The ambience that this movie has is incredible, for a good portion of the movie it feels more like a gothic romance with elements of horror. Every scene with Candyman and Helen interacting is so incredibly intimate and it really makes me feel things. The way he talks to her is just so intense and romantic with lines like "Be My Victim" and "Your death will be a tale to frighten children, to make lovers cling closer in rapture". The devotion that Candyman displays to Helen is just so intense and it's right up my alley.

Within the production they chose to hypnotize Virginia Madsen, Helen's actress, and I think that it really adds to the intimate feeling that Helen and Candyman's relationship has. Instead of screaming, Helen has this glazed-over, confused stare when Candyman approaches her and the added vunerability of the position Virginia Madsen is in really makes the scenes with them together all the more compelling.

The score for this movie is nigh perfect and is easily my favorite horror score. The fact that Philip Glass has disavowed this movie is really disappointing as this score is considered his best work by some and I personally think that the movie lives up to it's score when you look past the slasher format. The score is primarily an organ and a choir and it adds to the gothic romance of the film

My favorite aspect of this film is the unreliability of Helen as a narrator. We learn of Candyman as an urban legend, we find the man plaguing Cabrini Green under the moniker of 'Candyman' and yet Helen continues to see Candyman and people around her continue to die. It becomes clear about 3/4ths of the way that the visions of Candyman are definitely within Helen's head but does that mean he's not real? and does that mean that Helen has been the one killing the people around her this whole time? The movie never gives a clear answer and I really like that aspect of it. Some would probably say that the ending implies that the events were real but I think there is a valid interpretation of Helen's Husband seeing Helen as a manifestation of his guilt before killing himself., and that it's only that bloody because it's the last kill in a horror movie.

Tony Todd is probably one of my favorite slashers ever. He has such romantic charisma and he’s such an amazing actor that the devotion seems so real. Also, his voice was probably the selling point in his audition.

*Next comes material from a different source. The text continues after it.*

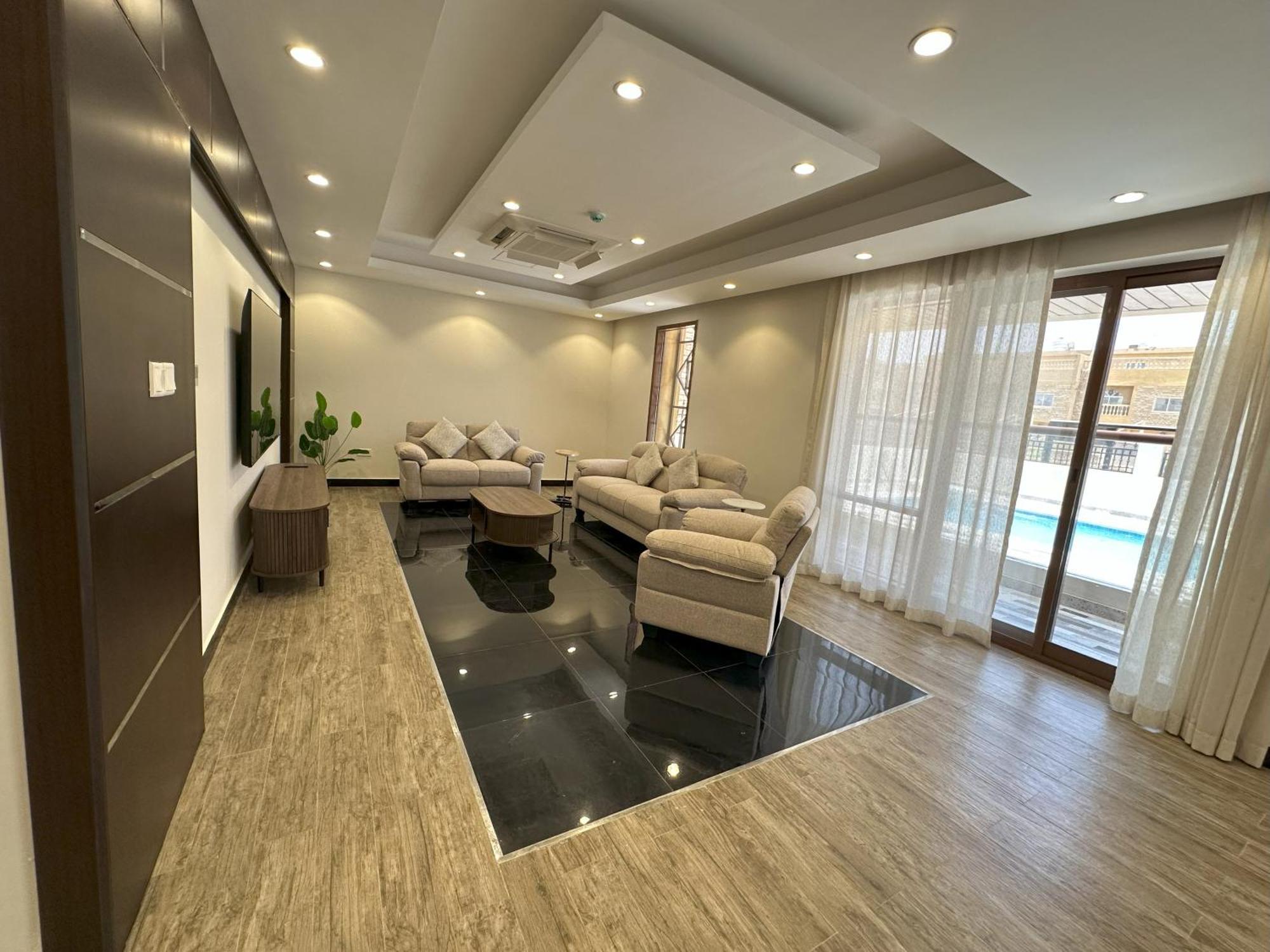 Holiday home Nasma Homes Abu Dhabi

His voice is so deep and intense that with the reverb on it, his words sound like messages from God or something. Literally, if someone asked me to be their victim and that’s what they sounded like, I’d do anything, literally anything.

As for the message of this movie, Bernard Rose saught to make a movie which commented on the idea of the poor African-American 'boogieman' which rich white women like Helen are scared of. Now I am not black but I have read some articles written by black people within the horror community and the general consensus was the biggest issue was the 'white savior' aspect of the movie and I agree. Helen Lyle is a well-off white woman who comes into the community of Cabrini Green to interrogate people about their beliefs she is seeking to disprove. When she goes too far and gets wrapped up in Candyman, it's her sacrifice which finally saves the community of Cabrini Green. This feels especially gross when you realize that Candyman has preyed on innocent black people in his pursuit of Helen, a white woman. However, this is also generally seen more as a sign of the times than an intentional move and so the original message isn't entirely invalid. I think there is a reading of this movie where Candyman is not real and is instead the scapegoat of a black man which Helen Lyle can blame as she, the white woman, continues to hurt an underserved community but I really don't think that was intentional just something I noticed.

I'm a gore guy, I love practical effects, I love blood, and I love gross things and this movie does a pretty good job of delivering. Candyman's hook is so cool and the stump is absolutely disgusting. I also really like that the hook is supposed to draw the audiences mind to the real urban legend of the hook man, who scrapes his hook along the car.

Finally, one of the coolest parts for me is the bees. All of the bees in this movie were real and it really adds knowing that Tony Todd has all the bees crawling in and around him. I think the bees cemented to me how insane the production on this movie was, especially considering Madsen’s lethal bee allergy, but it ended up all being worth it making a gorgeous, haunting film.